Young Pi’s plot never falters. The only drag on the film is the somewhat antiseptic feel of the Canada-set frame narrative. I doubt this is the fault of the always excellent Irrfhan Khan, but rather a clunky-ish tendency of the screenwriter, David Magee, who specializes in sweetly watchable but slightly clumsy storytelling (Finding Neverland, Miss Pettigrew Lives For A Day). This somewhat flat effect often infects modern adaptations of best-selling, book-clubbish novels. The Jane Austen Book Club, Water For Elephants and half of Julie and Julia come to mind. The spark of the written word doesn’t, of course, necessarily translate to the screen. In the words of Lee himself in regards to the challenge of this particular film, “It’s an intellectual book, and you have to make it emotional and visual, and without Tom Hanks to help you!” And that’s where Life Of Pi flourishes.
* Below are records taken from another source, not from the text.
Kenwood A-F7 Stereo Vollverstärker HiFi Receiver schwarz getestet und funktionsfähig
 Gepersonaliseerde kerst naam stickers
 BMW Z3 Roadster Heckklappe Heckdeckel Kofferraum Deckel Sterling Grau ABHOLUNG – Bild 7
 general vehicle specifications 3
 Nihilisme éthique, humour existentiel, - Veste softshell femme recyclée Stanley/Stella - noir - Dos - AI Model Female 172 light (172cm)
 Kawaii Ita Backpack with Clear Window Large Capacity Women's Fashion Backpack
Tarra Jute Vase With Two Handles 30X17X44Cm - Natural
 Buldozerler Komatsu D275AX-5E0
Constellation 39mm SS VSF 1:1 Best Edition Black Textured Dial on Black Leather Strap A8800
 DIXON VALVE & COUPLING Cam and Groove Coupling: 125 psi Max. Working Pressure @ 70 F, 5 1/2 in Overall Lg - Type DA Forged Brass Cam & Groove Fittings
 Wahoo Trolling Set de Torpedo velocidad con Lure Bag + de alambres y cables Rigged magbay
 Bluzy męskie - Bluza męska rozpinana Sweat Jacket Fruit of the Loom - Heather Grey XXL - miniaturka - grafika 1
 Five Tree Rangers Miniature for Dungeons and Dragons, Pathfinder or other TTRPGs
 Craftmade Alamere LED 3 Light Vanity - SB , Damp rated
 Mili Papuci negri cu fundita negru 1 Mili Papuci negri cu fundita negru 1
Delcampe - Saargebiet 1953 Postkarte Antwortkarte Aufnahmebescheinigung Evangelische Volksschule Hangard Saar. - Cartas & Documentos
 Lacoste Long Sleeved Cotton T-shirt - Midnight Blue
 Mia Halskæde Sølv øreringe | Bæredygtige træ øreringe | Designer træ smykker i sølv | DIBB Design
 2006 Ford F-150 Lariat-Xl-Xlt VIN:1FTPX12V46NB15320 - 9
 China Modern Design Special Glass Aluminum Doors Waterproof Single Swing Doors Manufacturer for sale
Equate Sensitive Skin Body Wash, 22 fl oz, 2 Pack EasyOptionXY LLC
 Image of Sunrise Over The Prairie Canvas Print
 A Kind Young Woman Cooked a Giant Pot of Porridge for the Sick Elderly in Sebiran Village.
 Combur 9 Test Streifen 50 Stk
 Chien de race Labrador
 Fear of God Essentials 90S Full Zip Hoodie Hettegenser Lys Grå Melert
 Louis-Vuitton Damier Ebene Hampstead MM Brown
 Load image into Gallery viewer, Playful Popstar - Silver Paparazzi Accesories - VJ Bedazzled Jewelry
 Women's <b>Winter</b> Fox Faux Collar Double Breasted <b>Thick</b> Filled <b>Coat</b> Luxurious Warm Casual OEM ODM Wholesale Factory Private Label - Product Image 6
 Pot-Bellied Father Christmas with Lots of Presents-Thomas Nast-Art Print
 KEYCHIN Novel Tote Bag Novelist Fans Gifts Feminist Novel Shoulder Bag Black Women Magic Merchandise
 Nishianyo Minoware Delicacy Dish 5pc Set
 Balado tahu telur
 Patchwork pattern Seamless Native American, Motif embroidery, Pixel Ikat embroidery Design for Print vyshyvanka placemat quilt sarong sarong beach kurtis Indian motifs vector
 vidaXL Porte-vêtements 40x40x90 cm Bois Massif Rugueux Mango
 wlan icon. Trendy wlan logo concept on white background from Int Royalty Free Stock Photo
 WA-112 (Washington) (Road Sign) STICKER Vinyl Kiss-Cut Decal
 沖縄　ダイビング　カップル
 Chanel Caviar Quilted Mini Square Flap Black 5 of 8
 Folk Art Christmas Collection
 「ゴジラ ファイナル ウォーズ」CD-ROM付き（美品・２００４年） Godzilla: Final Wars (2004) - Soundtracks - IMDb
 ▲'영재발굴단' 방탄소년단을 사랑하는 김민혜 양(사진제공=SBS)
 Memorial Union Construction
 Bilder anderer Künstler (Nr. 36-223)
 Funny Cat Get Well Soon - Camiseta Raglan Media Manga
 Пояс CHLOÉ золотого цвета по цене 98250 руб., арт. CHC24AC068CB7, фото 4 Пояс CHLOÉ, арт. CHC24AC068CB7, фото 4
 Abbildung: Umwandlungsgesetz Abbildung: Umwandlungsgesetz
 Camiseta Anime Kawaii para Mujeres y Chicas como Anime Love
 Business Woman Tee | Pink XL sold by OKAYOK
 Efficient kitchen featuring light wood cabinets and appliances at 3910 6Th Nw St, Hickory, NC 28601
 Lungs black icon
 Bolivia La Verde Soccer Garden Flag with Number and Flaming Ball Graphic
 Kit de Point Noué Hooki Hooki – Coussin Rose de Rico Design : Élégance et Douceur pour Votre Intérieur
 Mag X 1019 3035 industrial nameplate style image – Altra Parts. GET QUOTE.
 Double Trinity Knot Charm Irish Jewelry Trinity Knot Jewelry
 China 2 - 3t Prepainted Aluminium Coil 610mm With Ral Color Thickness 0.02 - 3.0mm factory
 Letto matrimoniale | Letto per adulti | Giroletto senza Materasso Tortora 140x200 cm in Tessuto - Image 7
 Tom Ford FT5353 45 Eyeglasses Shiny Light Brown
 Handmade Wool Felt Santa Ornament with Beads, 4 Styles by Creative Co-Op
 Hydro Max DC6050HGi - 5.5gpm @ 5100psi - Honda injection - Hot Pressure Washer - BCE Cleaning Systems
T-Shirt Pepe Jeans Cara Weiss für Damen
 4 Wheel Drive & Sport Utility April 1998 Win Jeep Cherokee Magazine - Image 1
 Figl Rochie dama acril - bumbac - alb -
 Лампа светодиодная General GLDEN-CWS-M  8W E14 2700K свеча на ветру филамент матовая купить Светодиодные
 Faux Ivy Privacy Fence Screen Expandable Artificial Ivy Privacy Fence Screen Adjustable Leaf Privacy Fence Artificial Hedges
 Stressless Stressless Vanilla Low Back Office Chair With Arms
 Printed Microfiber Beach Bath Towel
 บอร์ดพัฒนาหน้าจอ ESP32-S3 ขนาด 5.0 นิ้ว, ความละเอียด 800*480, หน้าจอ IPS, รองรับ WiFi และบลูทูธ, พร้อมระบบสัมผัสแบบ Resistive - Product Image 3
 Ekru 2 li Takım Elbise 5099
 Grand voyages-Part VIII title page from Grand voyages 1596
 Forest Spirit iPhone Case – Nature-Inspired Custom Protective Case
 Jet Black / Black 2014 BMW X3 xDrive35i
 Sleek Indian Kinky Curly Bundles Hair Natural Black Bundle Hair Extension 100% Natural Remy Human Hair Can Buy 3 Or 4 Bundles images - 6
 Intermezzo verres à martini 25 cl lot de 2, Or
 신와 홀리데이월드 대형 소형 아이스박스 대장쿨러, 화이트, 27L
When Lee uses every visual tool in his arsenal to tell the story. I won’t go too much into it, for fear of ruining the plot for those four of you who managed to skip this book, but the theme of reflection, of mirrors and doubles, is absolutely essential for unlocking the magic of Pi’s story. If you know that (and just that) going in, then I recommend you take note of how well Lee uses and understands that motif. From the very opening credits. Ang Lee has made an animal story and somehow managed (save one sleepy meerkat) to avoid cutesiness. He tells a story of faith, without proselytizing. He delivers some of the most jaw-dropping visuals of the year without ever once forgetting what makes a movie an enduring classic long after the technology looks quaint. The story. All grown-up in his kitchen in Canada, Pi Patel promises a tale that will make you a believer. And so it goes with Ang Lee.